In a prerecorded video introducing former Vice President Joe Biden, Hunter Biden appeared alongside sister Ashley Biden to describe the Democratic nominee as both a father and a leader.
“He’ll be there when you need him,” Hunter Biden said. “He’ll get up no matter how many times he’s been knocked down.”
The video amounted to the most public appearance by the president’s only living son in months. The sole remaining member of the former vice president’s first family, Hunter has been a figure of on-again, off-again fixation in the conservative imagination. Trump was impeached in December 2019 after a House investigation found that he had solicited the Ukrainian government to investigate the younger Biden’s role on the board of a Ukrainian natural gas company, and the president has attacked him for his former role on the board of a Chinese-backed private equity company.

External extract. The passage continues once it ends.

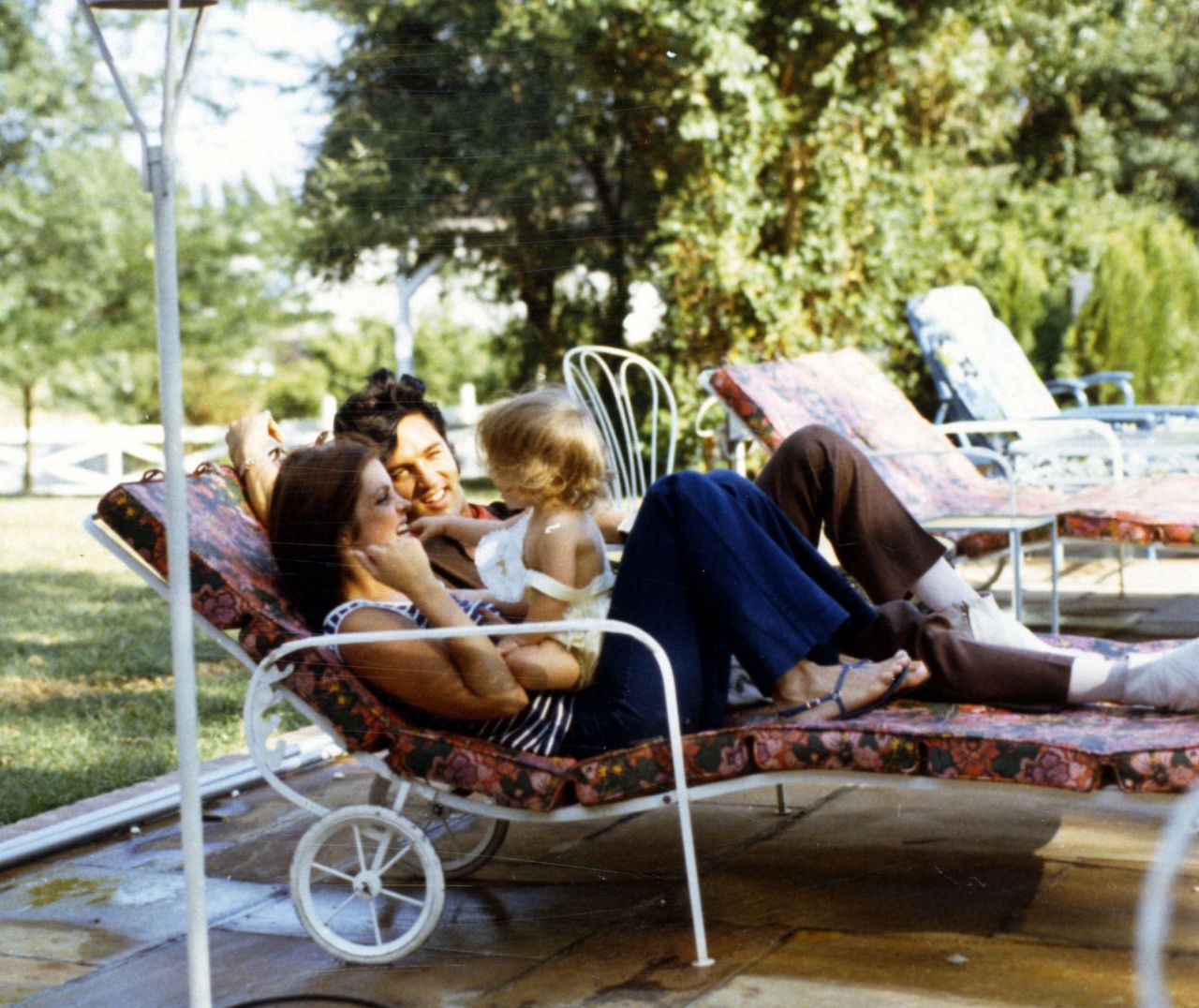 Lisa Marie Presley sits on her mother's lap while enjoying a day with her parents.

“Where’s Hunter?!” Trump said at a January campaign rally. “Here’s a guy, made no money, got thrown out of the military forces, I think the Navy, got thrown out, had no job, had no nothing.”
“So he went from that to making millions of dollars a year as soon as Sleepy Joe became vice president, right? He made millions of dollars a year,” Trump continued. “Would anybody in this room do that for millions? I would. We all would.”

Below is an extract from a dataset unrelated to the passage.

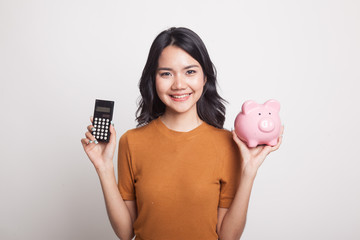 Asian woman with calculator and piggy bank.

While most of the president’s accusations against Hunter Biden have been largely discredited—a top Ukrainian prosecutor said last year that “Hunter Biden cannot be responsible for violations of the management of Burisma that took place two years before his arrival”—the Republican Party has demonstrated a renewed willingness to go along with the line of attack, dropping a two-minute digital ad on Thursday morning accusing Biden of being beholden to China. Hunter Biden, who has insisted that he never discussed his role at the Chinese-backed private equity firm with his father, makes repeated appearances in the advertisement.
Other Republicans have targeted the former vice president’s son in more personal terms. Last month, the Republican National Committee’s director of rapid response tweeted a photograph of Hunter Biden as a school-aged boy, calling him Joe Biden’s “crack smoking son who was administratively discharged from the Navy for testing positive for cocaine and who has abused his dad’s elected position to get rich off the Chinese Community Party.”

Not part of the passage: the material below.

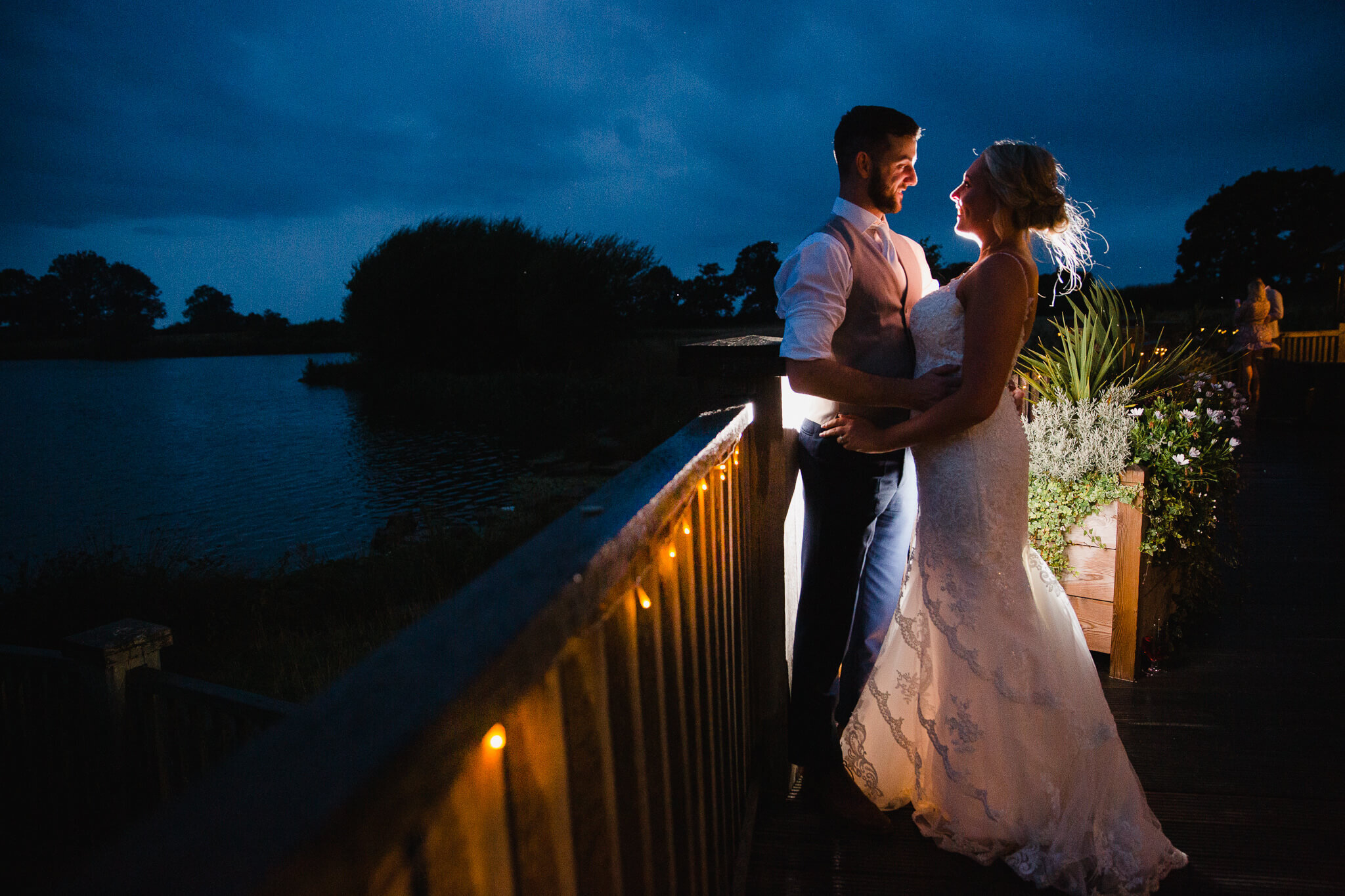 twilight flash kit photograph with low exposure to light up bride and groom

Hunter Biden has spoken publicly about his struggles with substance abuse, both before and after the death of his older brother, Beau.
“There’s addiction in every family,” the younger Biden told The New Yorker in July 2019. “I was in that darkness. I was in that tunnel—it’s a never-ending tunnel. You don’t get rid of it. You figure out how to deal with it.”
The former vice president has shown a hairpin trigger when it comes to his family, particularly Hunter. In December 2019, Joe Biden lashed out at an Iowa voter who heckled him at an event about his son’s dealings in Ukraine.
“You’re a damn liar, man—that’s not true,” Biden said, before responding to the man’s concerns about his age by challenging him to a push-up contest.